Segment Open

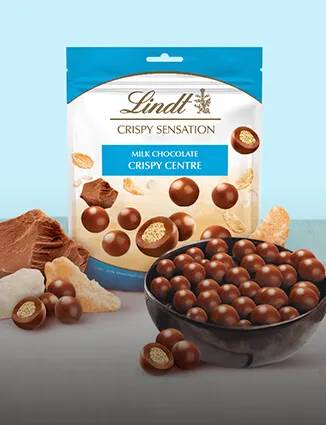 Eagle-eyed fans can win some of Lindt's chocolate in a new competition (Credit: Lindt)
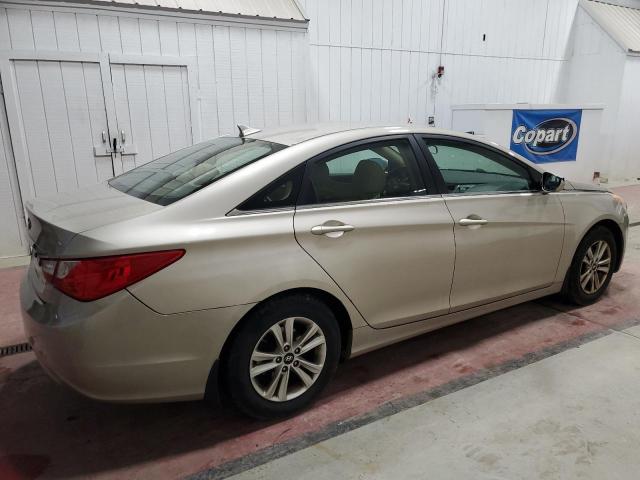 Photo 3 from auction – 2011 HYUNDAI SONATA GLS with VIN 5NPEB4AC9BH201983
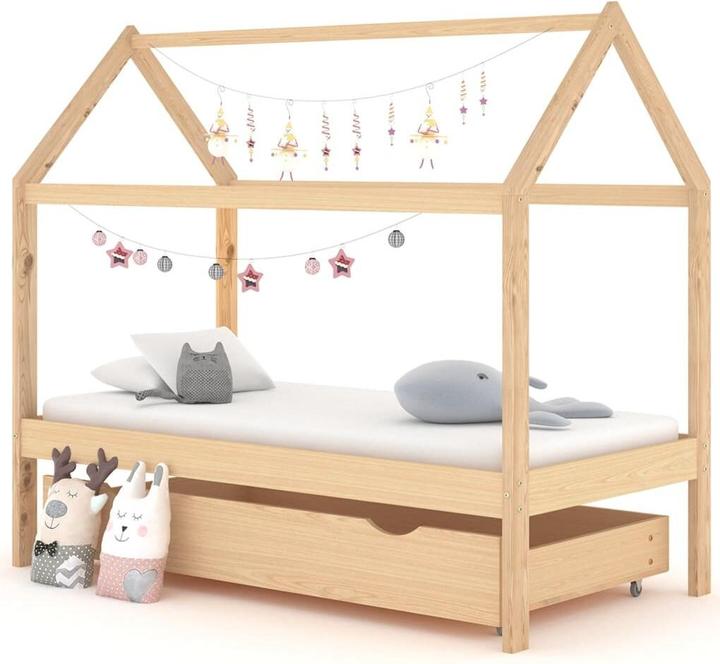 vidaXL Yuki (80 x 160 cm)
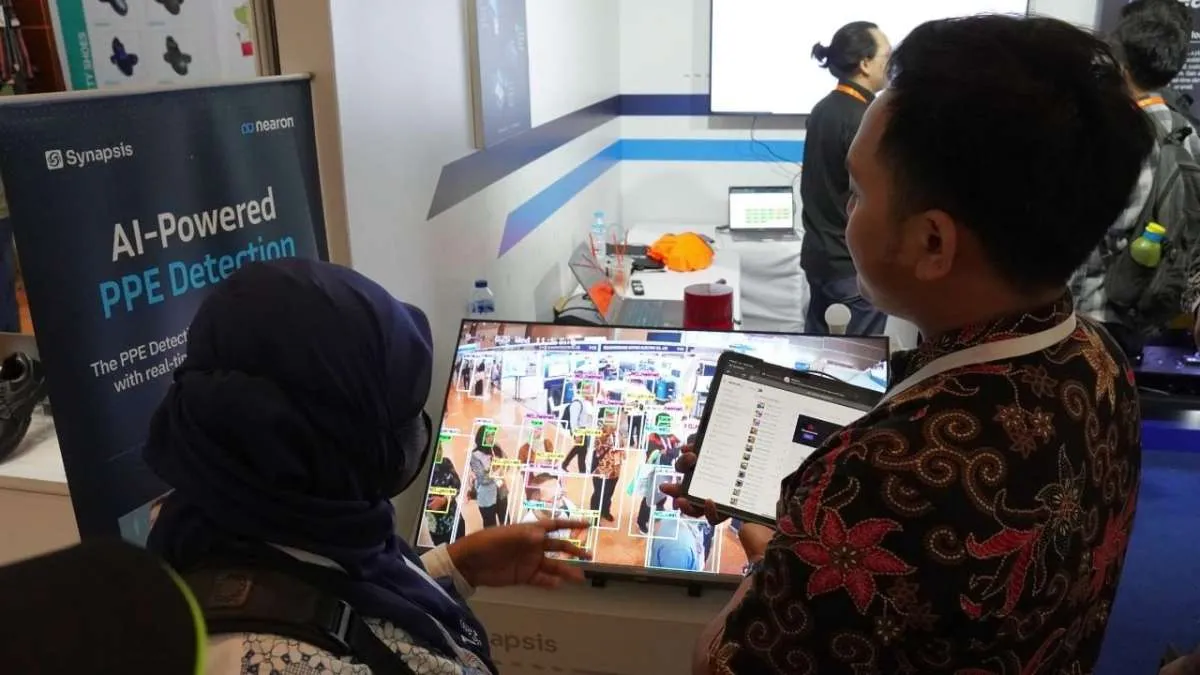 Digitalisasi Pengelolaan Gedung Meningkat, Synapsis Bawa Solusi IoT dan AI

Segment Closed

What is required:
Output nothing but the lines from the line with "Photo 3 from" through the last line of the material above, please, word for word and without the pictures.

Answer to the exercise:
 Photo 3 from auction – 2011 HYUNDAI SONATA GLS with VIN 5NPEB4AC9BH201983
 vidaXL Yuki (80 x 160 cm)
 Digitalisasi Pengelolaan Gedung Meningkat, Synapsis Bawa Solusi IoT dan AI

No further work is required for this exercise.